PROBABİLİZM (OLABİLİRCİLİK) Determinizme tepki olarak çıkan possibilizmi besleyen ve her iki görüşü bir sentezde birleştirir. Bu akımın çıkış nedeni, 1.fiziki çevre insan türünün eylemlerinin çoğunu belirlemektedir. 2. belirli bazı kültürler teknoloji kullanımıyla çevrenin yarattığı baskıları yenebilirler.
3. Bir alanın hem fiziki çevresini hemde orada yaşayanların kültürel özelliklerini bilen birisi, bu alanın nasıl kullanılacağının analizini yapabilir ve kullanım şekillerinin coğrafi dağılışını açıklayabilir gelecekle ilgili tahminlerde yapabilir.
EKOLOJİK YAKLAŞIM İnsan oğlu ekolojik sistemin bir parçasıdır. Ve insanın doğal ortamı, Doğal ortamında insanı karşılıklı olarak nasıl etkilediğini incelemek gerekir.
POZİTİVİZM Coğrafyada insanların yeryüzünü nasıl organize ettikleri ve kullandıklarını tanımlamak için kurallar bulunmaya çalışılmıştır. Bu olayda kurallar ve düzenlilikler bulunabileceği felsefesine mantıksal pozitivizm adı verilir. Bu akımı destekleyenler
1. coğrafyada kantitatifleşme (matematik) 2. coğrafi kalıpları istatistiksel yoldan tasvir etmeye 3.İstatistiksel hesaplara ve hipotezlere dayanmaktaydılar. Aynı zamanda gerçek dünyayı tasvirde kullandıkları matematiksel yolların bir köprü gibi fiziki ve beşeri coğrafyayı birbirine bağlayacaklarını ve coğrafyayı içinde matematiğin kullanıldığı diğer bilim dallarına açacaklarını ileri sürmekteydiler.
MODERNİZM Coğrafyada hissedilen moda akım post modernizimde matematik kesinlikle yoktur. Geçmişteki görüşlerin büyük kısmını ret etmeyi içine alan bir akım olduğu için yeni ve farklı olan her şeyin kullanılması moda haline gelmiştir.

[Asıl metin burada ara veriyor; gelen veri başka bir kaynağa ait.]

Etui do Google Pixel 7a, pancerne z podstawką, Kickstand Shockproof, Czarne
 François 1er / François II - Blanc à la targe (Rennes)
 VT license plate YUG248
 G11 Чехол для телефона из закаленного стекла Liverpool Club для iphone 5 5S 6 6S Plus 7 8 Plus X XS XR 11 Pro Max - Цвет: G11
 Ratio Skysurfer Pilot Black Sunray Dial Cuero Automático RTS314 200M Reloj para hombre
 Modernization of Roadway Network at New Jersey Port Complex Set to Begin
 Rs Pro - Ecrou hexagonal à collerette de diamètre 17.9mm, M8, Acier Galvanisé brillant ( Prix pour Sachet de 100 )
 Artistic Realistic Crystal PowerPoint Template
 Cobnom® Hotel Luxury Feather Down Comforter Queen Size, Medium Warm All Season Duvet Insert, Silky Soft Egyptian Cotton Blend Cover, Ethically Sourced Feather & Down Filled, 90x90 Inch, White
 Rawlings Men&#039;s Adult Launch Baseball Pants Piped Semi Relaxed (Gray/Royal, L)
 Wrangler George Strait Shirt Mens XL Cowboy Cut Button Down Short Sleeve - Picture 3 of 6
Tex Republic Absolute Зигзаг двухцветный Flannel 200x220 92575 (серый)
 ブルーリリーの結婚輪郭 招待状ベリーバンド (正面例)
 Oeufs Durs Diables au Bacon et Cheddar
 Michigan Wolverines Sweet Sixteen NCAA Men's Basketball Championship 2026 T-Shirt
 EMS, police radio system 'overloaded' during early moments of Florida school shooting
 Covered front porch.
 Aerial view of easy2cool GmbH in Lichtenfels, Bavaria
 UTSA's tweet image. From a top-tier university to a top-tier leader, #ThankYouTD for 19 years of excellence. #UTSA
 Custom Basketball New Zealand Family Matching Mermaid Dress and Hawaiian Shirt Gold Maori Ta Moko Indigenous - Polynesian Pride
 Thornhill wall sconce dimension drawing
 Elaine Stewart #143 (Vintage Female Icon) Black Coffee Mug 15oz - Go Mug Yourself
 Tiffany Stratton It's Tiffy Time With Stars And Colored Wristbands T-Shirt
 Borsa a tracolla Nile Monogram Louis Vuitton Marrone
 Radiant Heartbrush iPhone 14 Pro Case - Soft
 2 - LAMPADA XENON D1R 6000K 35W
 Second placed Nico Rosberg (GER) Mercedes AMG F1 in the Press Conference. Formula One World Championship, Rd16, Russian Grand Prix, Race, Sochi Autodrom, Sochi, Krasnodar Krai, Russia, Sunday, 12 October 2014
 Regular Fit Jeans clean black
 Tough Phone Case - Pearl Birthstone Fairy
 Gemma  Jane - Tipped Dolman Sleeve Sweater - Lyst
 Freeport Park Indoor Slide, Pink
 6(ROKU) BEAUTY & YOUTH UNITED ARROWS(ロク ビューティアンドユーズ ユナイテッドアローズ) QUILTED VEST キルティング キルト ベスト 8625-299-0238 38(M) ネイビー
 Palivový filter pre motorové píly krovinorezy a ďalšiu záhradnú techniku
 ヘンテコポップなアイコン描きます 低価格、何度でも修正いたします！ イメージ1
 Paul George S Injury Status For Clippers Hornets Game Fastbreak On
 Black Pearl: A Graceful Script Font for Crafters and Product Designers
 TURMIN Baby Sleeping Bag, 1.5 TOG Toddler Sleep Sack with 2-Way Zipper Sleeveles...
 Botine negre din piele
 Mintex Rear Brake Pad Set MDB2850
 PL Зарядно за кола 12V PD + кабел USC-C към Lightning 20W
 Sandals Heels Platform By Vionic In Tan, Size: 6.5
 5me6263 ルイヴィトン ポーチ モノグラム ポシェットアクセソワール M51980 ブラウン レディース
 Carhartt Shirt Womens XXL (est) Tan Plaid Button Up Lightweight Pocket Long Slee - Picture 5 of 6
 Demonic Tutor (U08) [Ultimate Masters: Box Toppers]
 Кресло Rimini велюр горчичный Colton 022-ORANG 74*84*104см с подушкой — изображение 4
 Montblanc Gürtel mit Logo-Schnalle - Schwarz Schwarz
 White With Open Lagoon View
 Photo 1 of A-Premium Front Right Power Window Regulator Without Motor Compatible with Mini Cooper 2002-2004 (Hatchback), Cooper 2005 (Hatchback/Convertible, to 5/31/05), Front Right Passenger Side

Burada çoğunlukla insanın mekanı nasıl kullandığını ve nasıl biçimlendirdiğini, düzenlediğini inceler. Bunu yanında mekanı düzenlerken hangi öğelere dikkat etmesi gerektiğini açıklar İnsanların ekonomik, siyasal, toplumsal ve sosyal ortamdan, olaylardan nasıl etkilendiklerini ve bu etkileşim sistemi içerisinde baskın olan faktörlerin neler olduğu ve bu faktörler nasıl daha yararlı hale getirilir diyerek bunları incelemeye çalışır.